> **The task**
Using the entries below, write out the line with "Eddie Bauer pants", the line with "Light Oatmeal Essential", and every line in between, exactly as each is written.

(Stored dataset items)
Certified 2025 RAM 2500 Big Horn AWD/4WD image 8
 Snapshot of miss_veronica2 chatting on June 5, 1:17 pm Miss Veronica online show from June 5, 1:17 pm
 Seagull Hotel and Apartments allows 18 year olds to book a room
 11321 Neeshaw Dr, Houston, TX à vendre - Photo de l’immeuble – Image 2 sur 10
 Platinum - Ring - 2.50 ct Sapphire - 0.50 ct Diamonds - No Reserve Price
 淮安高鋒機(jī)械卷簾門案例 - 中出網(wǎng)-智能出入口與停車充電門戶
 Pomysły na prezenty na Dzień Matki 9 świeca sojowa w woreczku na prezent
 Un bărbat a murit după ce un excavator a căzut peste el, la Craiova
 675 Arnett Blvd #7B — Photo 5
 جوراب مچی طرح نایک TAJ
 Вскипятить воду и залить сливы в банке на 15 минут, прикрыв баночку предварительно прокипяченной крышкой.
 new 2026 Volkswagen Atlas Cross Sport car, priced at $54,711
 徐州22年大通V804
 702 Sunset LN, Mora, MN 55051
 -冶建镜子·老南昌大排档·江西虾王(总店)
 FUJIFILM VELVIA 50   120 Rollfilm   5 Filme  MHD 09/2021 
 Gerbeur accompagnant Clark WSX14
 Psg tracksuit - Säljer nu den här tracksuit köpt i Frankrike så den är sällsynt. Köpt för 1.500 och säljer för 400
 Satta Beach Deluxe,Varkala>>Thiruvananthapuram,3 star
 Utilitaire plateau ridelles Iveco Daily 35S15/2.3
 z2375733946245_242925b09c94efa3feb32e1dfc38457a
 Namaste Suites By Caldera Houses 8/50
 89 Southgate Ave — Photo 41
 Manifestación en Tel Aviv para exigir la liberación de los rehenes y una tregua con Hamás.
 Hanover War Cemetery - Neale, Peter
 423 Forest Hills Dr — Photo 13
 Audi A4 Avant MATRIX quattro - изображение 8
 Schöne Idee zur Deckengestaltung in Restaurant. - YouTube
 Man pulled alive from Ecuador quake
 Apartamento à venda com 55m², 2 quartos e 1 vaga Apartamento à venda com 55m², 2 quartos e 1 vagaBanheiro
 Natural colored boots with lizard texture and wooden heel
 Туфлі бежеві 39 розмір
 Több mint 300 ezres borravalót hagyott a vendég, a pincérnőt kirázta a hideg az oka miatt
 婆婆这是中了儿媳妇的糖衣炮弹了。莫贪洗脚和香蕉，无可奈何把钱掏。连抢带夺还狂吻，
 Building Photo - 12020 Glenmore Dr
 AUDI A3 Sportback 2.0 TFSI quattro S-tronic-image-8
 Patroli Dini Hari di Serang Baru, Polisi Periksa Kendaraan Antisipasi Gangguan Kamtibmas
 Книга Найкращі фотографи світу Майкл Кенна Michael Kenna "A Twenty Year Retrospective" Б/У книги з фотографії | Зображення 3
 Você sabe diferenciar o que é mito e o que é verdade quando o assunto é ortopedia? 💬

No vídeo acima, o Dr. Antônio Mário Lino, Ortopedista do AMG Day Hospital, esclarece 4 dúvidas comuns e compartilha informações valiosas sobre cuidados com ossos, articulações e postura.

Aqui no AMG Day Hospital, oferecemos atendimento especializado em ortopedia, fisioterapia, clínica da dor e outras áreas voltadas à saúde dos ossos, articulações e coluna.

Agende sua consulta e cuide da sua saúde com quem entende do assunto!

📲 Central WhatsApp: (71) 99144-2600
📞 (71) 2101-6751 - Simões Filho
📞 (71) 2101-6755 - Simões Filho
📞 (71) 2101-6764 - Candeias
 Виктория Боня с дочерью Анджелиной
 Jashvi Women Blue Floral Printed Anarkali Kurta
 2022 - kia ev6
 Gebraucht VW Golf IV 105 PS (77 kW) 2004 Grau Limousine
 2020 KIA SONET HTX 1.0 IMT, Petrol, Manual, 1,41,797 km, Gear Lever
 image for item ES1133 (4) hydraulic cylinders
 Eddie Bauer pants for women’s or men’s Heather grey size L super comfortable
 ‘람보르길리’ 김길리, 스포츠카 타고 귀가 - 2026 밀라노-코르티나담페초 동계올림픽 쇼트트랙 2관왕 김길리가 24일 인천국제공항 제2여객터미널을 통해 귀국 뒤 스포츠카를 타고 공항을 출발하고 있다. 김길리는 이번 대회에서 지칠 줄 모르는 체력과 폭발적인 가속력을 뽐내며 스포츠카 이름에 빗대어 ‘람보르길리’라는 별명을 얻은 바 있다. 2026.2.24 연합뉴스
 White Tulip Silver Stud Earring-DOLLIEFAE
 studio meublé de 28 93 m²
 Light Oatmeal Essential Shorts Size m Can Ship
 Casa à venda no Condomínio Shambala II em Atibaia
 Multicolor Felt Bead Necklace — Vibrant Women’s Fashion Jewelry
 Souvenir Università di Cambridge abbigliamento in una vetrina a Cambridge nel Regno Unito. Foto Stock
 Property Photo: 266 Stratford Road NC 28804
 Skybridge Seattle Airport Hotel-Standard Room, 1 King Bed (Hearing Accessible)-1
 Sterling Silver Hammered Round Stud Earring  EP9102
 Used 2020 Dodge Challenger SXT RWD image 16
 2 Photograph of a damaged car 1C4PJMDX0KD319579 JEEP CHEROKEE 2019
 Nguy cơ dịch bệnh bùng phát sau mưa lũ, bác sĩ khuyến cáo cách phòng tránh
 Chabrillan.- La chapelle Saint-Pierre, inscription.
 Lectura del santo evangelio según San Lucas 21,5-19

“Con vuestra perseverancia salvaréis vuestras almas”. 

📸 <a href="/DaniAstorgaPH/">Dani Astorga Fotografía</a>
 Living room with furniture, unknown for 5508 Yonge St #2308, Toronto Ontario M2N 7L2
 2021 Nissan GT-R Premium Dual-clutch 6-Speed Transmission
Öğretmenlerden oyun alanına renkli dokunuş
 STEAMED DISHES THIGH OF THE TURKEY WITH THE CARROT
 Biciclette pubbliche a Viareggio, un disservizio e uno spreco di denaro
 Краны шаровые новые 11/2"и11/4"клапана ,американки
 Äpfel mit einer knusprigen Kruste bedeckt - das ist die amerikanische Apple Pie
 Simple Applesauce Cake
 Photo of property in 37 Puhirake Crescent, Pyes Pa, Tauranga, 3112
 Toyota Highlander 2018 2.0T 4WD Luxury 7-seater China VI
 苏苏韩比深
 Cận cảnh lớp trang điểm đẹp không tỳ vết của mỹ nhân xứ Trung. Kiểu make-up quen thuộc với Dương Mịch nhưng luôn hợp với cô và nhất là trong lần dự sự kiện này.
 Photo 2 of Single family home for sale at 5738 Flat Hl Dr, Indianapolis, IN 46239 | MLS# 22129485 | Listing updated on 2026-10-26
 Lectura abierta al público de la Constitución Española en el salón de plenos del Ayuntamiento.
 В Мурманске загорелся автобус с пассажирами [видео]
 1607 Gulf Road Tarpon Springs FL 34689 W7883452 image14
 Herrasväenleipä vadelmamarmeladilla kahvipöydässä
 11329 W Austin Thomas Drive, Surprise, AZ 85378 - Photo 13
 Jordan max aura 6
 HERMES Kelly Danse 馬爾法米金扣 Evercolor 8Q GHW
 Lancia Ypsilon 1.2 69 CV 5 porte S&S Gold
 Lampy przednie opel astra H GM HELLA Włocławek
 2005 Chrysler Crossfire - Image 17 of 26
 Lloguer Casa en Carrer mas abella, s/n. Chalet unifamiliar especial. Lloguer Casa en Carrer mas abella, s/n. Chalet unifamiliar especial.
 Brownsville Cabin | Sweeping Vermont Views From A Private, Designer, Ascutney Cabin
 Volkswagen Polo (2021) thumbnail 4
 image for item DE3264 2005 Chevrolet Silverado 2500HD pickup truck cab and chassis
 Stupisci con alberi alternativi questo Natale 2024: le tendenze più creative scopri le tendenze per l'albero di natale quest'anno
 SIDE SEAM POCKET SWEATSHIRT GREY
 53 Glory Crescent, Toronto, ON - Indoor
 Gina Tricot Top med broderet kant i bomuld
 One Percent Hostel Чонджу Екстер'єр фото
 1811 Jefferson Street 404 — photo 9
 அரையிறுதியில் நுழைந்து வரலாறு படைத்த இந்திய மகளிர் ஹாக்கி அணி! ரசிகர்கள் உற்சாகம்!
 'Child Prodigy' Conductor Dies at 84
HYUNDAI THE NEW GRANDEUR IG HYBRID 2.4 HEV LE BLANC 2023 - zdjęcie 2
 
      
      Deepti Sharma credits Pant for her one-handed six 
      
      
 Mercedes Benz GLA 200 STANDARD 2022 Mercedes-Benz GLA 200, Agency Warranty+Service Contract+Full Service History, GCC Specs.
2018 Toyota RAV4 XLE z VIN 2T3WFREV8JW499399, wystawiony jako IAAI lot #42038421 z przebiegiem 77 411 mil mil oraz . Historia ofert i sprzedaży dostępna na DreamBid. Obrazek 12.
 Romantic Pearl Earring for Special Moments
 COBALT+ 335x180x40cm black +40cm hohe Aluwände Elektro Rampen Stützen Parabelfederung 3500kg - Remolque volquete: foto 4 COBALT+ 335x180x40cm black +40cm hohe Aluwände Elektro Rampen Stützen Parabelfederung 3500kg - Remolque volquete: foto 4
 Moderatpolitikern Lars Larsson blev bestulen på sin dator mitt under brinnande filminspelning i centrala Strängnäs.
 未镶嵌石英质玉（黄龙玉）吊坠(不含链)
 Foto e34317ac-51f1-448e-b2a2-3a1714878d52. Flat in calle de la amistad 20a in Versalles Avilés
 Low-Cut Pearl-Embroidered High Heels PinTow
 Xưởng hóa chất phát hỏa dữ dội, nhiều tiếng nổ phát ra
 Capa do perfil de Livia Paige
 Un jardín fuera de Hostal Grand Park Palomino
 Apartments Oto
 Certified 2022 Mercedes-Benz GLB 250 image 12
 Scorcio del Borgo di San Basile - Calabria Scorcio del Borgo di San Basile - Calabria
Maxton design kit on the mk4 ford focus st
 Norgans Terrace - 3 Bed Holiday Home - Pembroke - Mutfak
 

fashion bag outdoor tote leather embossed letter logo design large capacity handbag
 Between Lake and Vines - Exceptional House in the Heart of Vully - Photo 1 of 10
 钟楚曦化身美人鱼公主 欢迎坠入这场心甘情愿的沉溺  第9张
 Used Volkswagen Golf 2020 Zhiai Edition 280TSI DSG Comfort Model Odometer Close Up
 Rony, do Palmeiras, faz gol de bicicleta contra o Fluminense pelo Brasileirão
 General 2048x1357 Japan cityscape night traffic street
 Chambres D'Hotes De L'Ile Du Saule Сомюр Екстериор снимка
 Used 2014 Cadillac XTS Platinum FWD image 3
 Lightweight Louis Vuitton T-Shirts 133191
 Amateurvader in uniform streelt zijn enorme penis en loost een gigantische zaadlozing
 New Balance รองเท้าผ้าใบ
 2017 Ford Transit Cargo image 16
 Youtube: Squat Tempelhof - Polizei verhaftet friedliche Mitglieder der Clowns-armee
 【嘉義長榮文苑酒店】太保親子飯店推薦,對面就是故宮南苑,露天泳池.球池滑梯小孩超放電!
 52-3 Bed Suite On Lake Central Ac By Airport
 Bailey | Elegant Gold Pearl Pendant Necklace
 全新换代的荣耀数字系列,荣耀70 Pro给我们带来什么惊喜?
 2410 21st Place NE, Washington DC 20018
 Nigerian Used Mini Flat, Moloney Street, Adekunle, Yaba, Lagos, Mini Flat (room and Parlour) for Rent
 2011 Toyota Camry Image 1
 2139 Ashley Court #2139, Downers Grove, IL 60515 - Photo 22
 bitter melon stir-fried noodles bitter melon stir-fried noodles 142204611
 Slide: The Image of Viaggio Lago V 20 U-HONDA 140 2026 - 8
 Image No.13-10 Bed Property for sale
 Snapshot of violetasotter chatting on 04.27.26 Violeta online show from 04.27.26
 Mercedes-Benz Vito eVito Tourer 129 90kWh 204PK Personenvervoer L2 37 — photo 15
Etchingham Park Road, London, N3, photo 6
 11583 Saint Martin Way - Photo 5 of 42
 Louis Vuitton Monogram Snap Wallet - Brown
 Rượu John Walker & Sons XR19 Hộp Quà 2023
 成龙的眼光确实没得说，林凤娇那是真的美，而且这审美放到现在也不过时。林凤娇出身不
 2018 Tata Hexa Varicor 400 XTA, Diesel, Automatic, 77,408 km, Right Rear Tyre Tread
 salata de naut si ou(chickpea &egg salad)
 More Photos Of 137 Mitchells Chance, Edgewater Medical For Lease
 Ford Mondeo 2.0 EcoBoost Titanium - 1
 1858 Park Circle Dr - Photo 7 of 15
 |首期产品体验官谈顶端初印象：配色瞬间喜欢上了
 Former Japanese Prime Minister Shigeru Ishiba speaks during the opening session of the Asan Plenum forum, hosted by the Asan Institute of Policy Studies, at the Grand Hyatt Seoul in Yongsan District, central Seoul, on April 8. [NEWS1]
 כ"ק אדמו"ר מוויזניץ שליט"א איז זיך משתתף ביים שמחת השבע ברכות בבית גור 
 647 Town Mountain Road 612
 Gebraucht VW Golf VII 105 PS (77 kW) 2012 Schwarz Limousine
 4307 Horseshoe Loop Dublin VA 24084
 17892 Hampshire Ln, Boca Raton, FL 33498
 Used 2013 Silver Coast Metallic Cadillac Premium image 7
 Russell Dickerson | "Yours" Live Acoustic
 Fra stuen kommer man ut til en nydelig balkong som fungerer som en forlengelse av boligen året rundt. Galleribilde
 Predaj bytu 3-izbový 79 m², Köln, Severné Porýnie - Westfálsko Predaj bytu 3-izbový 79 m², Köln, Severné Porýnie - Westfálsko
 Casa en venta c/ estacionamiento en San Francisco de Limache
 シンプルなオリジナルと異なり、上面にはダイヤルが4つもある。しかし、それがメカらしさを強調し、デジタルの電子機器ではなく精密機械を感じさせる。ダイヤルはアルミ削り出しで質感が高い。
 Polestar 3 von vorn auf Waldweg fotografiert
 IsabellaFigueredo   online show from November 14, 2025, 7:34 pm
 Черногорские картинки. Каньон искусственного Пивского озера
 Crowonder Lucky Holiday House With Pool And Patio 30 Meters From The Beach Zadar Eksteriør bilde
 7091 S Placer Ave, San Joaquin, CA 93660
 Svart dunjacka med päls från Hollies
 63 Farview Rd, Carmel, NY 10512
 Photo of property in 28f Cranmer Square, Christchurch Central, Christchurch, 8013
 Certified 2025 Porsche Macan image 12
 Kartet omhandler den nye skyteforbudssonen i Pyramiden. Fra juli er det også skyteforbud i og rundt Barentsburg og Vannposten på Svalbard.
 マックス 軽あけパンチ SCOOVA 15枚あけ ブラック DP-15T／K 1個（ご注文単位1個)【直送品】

> **Response to the task**
 Eddie Bauer pants for women’s or men’s Heather grey size L super comfortable
 ‘람보르길리’ 김길리, 스포츠카 타고 귀가 - 2026 밀라노-코르티나담페초 동계올림픽 쇼트트랙 2관왕 김길리가 24일 인천국제공항 제2여객터미널을 통해 귀국 뒤 스포츠카를 타고 공항을 출발하고 있다. 김길리는 이번 대회에서 지칠 줄 모르는 체력과 폭발적인 가속력을 뽐내며 스포츠카 이름에 빗대어 ‘람보르길리’라는 별명을 얻은 바 있다. 2026.2.24 연합뉴스
 White Tulip Silver Stud Earring-DOLLIEFAE
 studio meublé de 28 93 m²
 Light Oatmeal Essential Shorts Size m Can Ship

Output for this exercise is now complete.